▸ **Records provided**:
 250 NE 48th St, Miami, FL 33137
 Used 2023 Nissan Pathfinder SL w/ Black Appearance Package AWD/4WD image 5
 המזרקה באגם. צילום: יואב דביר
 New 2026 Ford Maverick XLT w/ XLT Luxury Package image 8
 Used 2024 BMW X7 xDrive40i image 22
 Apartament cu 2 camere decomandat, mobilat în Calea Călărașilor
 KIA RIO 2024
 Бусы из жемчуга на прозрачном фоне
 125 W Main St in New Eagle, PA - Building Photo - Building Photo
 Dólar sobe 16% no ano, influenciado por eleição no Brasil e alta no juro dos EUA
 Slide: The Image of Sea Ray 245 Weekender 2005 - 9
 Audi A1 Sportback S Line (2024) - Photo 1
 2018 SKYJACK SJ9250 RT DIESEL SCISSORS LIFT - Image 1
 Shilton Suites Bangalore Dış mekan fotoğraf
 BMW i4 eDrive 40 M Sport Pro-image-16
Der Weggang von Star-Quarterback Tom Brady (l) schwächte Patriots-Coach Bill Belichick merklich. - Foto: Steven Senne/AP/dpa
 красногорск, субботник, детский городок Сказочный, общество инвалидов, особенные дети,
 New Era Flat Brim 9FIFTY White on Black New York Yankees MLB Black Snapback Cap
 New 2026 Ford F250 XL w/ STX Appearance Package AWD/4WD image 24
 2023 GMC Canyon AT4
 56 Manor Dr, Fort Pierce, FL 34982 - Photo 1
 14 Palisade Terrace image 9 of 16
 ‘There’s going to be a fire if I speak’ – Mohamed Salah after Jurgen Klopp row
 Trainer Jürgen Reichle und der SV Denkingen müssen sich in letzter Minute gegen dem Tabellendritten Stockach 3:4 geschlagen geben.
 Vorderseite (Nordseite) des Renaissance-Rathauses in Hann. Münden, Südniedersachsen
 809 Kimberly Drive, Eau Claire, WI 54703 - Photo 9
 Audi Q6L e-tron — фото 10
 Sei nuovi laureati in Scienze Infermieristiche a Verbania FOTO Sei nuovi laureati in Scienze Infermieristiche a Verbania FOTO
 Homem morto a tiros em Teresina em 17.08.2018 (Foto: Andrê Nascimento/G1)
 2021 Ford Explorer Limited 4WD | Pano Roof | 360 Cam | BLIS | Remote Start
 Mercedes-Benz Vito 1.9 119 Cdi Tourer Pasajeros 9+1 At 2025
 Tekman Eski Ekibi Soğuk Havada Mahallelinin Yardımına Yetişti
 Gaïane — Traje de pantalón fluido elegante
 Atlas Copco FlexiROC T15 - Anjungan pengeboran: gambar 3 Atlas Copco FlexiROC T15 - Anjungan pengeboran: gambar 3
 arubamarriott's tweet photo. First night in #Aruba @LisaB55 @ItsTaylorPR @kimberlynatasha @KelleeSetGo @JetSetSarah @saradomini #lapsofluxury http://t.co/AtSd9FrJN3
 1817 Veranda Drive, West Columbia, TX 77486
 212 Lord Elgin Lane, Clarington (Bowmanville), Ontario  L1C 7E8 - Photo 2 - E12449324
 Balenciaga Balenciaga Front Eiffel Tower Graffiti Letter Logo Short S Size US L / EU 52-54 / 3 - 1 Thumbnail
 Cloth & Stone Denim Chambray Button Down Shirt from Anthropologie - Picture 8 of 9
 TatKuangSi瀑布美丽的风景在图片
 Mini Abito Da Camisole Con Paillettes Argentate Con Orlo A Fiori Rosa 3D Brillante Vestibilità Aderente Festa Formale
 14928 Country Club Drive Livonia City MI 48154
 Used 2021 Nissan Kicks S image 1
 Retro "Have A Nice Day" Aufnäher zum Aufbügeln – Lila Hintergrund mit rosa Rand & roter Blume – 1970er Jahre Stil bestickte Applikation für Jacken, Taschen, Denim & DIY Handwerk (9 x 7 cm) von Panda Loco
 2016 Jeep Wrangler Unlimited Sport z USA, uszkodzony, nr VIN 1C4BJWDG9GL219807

▸ **Exercise objective**: At the line containing "arubamarriott's tweet photo.", start transcribing exactly, and continue through the last line of the listing. Stop there and add nothing.

▸ **Response area**:
 arubamarriott's tweet photo. First night in #Aruba @LisaB55 @ItsTaylorPR @kimberlynatasha @KelleeSetGo @JetSetSarah @saradomini #lapsofluxury http://t.co/AtSd9FrJN3
 1817 Veranda Drive, West Columbia, TX 77486
 212 Lord Elgin Lane, Clarington (Bowmanville), Ontario  L1C 7E8 - Photo 2 - E12449324
 Balenciaga Balenciaga Front Eiffel Tower Graffiti Letter Logo Short S Size US L / EU 52-54 / 3 - 1 Thumbnail
 Cloth & Stone Denim Chambray Button Down Shirt from Anthropologie - Picture 8 of 9
 TatKuangSi瀑布美丽的风景在图片
 Mini Abito Da Camisole Con Paillettes Argentate Con Orlo A Fiori Rosa 3D Brillante Vestibilità Aderente Festa Formale
 14928 Country Club Drive Livonia City MI 48154
 Used 2021 Nissan Kicks S image 1
 Retro "Have A Nice Day" Aufnäher zum Aufbügeln – Lila Hintergrund mit rosa Rand & roter Blume – 1970er Jahre Stil bestickte Applikation für Jacken, Taschen, Denim & DIY Handwerk (9 x 7 cm) von Panda Loco
 2016 Jeep Wrangler Unlimited Sport z USA, uszkodzony, nr VIN 1C4BJWDG9GL219807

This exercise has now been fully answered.